Questi dati danno una fotografia immediata di questa realtà, delle possibili difficoltà che lì si vivono giorno per giorno ma anche delle immense potenzialità.
La Rotonda, Associazione di Promozione Sociale, è nata nel 2010 per sostenere lo sviluppo di questa comunità accompagnando l’individuo in percorsi dall'assistenza all'autonomia. Di strada in questi anni ne è stata fatta tanta. Semplicemente visitando larotonda.org si possono vedere le tante iniziative in corso e già realizzate… Il fatto che abbia sviluppato tutto questo (insieme a tante altre persone) il Parroco della parrocchia Sant'Arialdo, nata nel 1972 al centro del “difficile” quartiere Gorizia, che risponde al nome di Don Paolo Steffano per me non è un fatto di rilievo!
Insomma, la sfida è di investire sui sogni di chi può farcela, ma ha bisogno di un “pit-stop” per ripartire o di un sostegno nell’ultimo miglio all’interno di un sistema-quartiere, modello per ogni periferia. Ma la sfida è anche di passare da una raccolta fondi (pur sempre lodevole) ad un percorso di sostenibilità che invita a fare squadra, compromettersi e verificare gli investimenti negli anni. Noi questa squadra la stiamo formando, abbiamo già diversi giocatori, e un capitano che si chiama Paolo Barilla, che sui campi di Baranzate ha già giocato in questi anni tante, tante partite!
Vuoi essere dei nostri? Chiamami, sono sempre a tua disposizione per un contatto diretto!
PS
Se ti interessa toccare con mano quanto è stato fatto ma soprattutto quanto possiamo fare ancora insieme, giovedì 10 novembre 2022 a partire dalle ore 19,00 ci vediamo presso la sede dell’Associazione La Rotonda, via Fiume, 2 a Baranzate. Fammi sapere se pensi di intervenire, sarai il benvenuto.
IL TRAUMA DI INCIDENTI STRADALI SI SUPERA CON L’AIUTO PSICOLOGICO
Il progetto Ania Cares è stato creato da Fondazione Ania con il Dipartimento di Psicologia della Sapienza e la Polizia di Stato, con lo scopo di accompagnare le vittime e i loro familiari nel superamento del trauma di incidenti stradali.
Si tratta del primo servizio di assistenza psicologica finanziato dalle compagnie assicurative italiane, ed è partito in fase sperimentale nel 2017. Da allora i numeri sono stati importanti: 756 le vittime dirette o indirette di incidenti aiutate da Ania Cares; 2mila le sedute psicologiche erogate; 150 gli psicologi formati e selezionati dal programma.
Certo, il tema ha numeri impressionanti: 150mila circa gli incidenti stradali in Italia nel 2021 (-11,8% rispetto al 2019) con ben 2.875 morti, mentre i feriti sono stati invece 204.728.

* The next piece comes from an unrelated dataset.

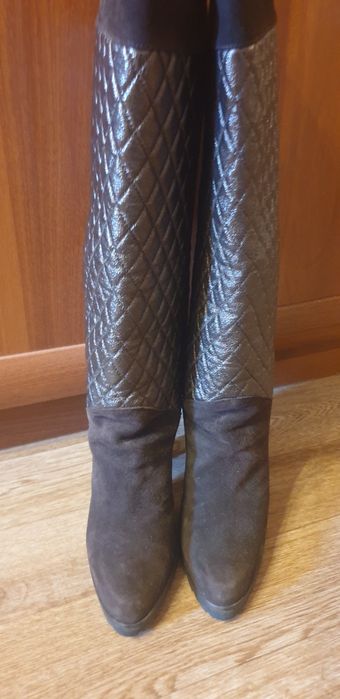 Сапоги еврозима, 39 размер, Италия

Da settembre il servizio di pronto soccorso psicologico è raggiungibile da tutto il territorio nazionale grazie a un servizio di Help line realizzato tramite un sistema di video-consulto.

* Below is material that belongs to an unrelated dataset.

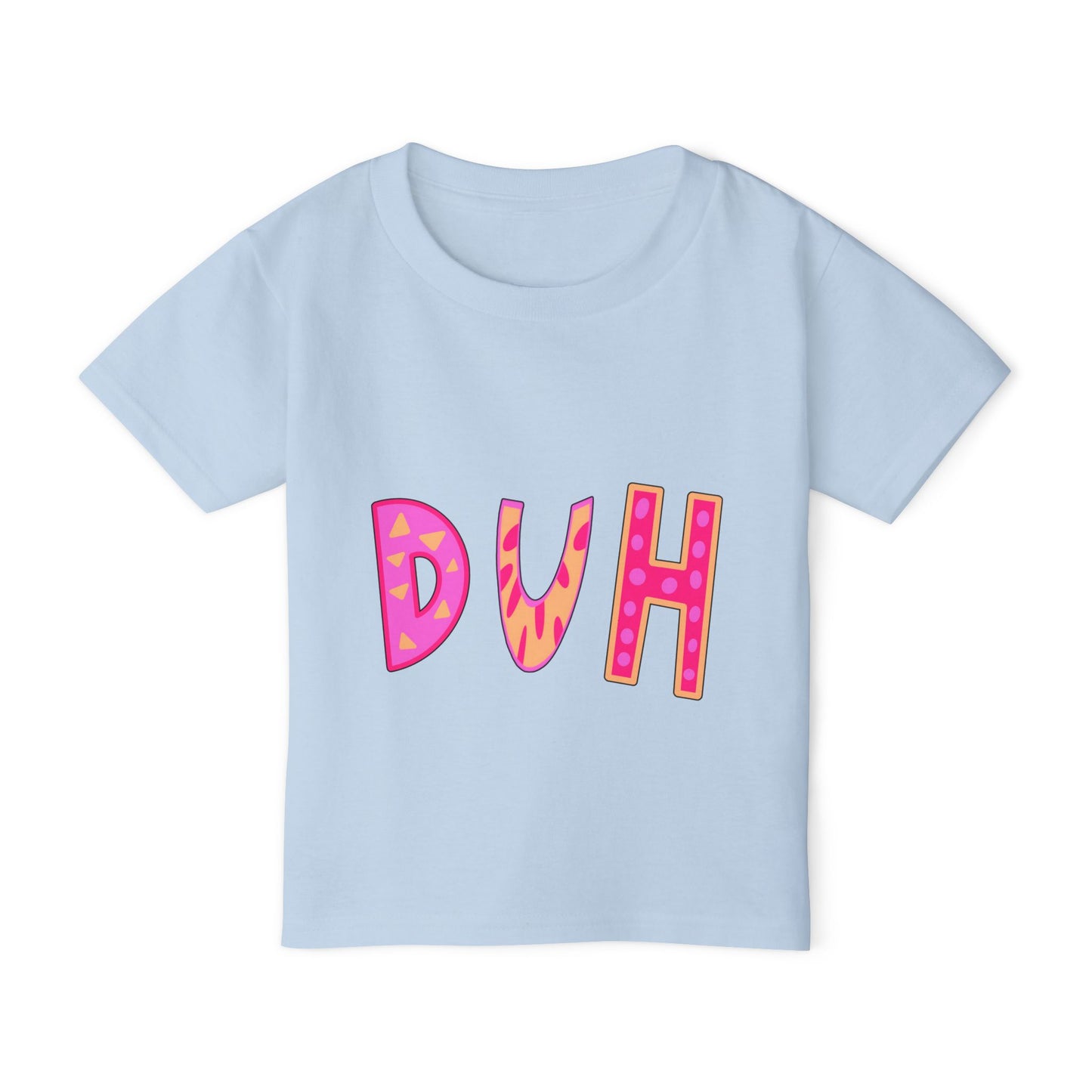 "DUH" Toddler T-shirt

Inoltre Ania Cares ha ampliato la sua sfera d'attività dalla parte psicologia a quella di riabilitazione motoria, avviando "Un passo in avanti", progetto specifico (che riguarda per ora solo l'area di Roma) riservato a coloro che hanno subito lesioni al midollo spinale a seguito di un incidente stradale. Per accedere ad Ania Cares bisogna telefonare al numero verde 800.893.510 (operativo 7/7, h24) oppure attraverso il sito www.aniacares.it.

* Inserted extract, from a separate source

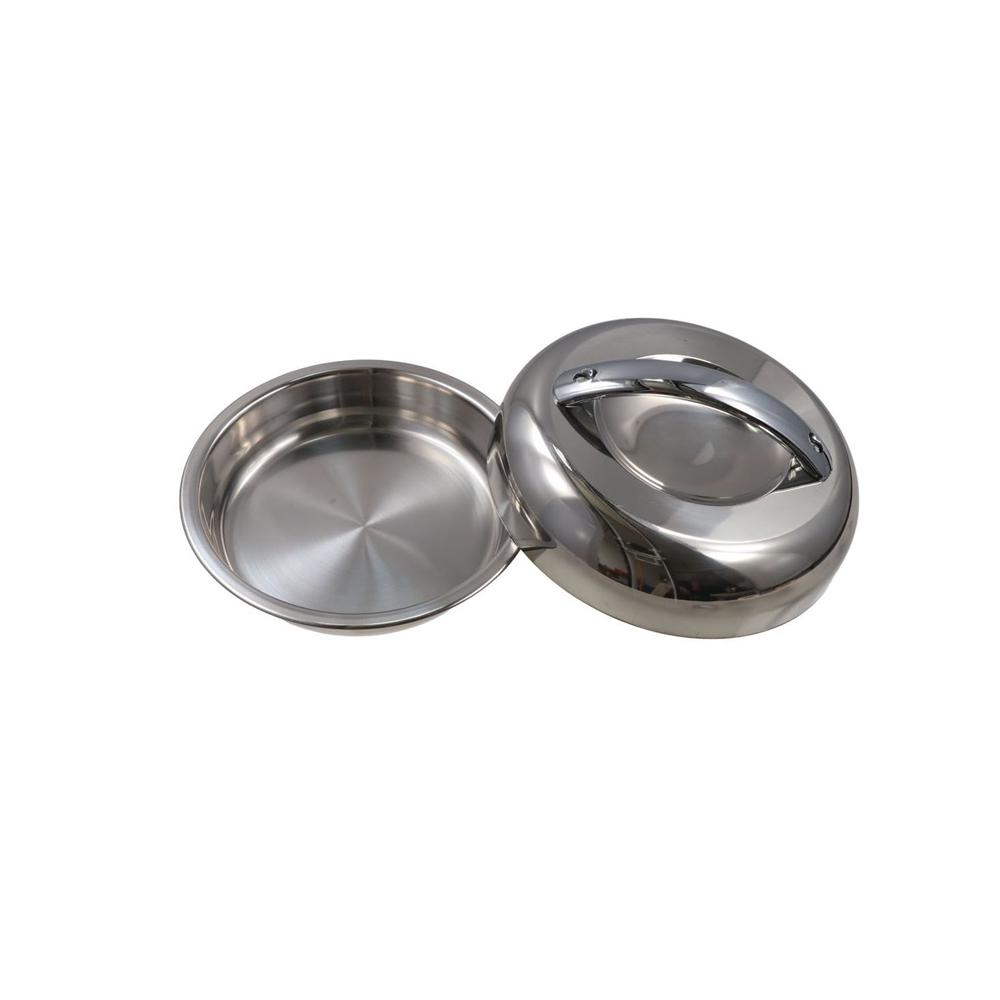 Термо-ланчбокс из нержавеющей стали, защита от ожогов, контейнер для хранения продуктов, изолированная миска, для рабочих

CARE VECCHIE CASSETTE POSTALI ROSSE!
Tutto questo si traduce da subito in un taglio di cassette postali in Italia dalle attuali 46.500 a 29mila.
Per Poste Italiane ovviamente meno lettere, ma più servizi. La notizia dei giorni scorsi infatti è che Poste cresce nel settore bancassurance con Net Insurance, un percorso che passa attraverso un'Opa. Dopo l’acquisizione della ex Lottomatica, il gruppo guidato da Matteo Del Fante prosegue dunque l'opera di diversificazione del business portando in casa un campione della cessione del quinto. A livello strategico l'operazione consentirà a Poste Vita, in coerenza con gli obiettivi del piano 2024 del gruppo di conseguire una significativa crescita nel segmento assicurativo danni/protezione.
TI OCCUPI DI UNA NON PROFIT? ATTENZIONE AGLI OBBLIGHI ASSICURATIVI
Cattolica Assicurazione è storicamente attenta al mondo del volontariato e del Non Profit, al punto che è l'unica compagnia a livello italiano a poter vantare una Business Unit completa dedicata a queste realtà.
Cattolica recentemente ha presentato Cattolica&Non Profit, una nuova polizza dedicata ad Enti, associazioni e imprese sociali. Inoltre si appresta a lanciare una nuova campagna di comunicazione con protagonisti volti e storie del Terzo Settore e, ulteriore iniziativa, Fondazione Cattolica ha stanziato un plafond di 500mila euro per finanziare progetti di inclusione sociale. Il titolo di questa interessante e lodevole iniziativa è “Una mano a chi sostiene”.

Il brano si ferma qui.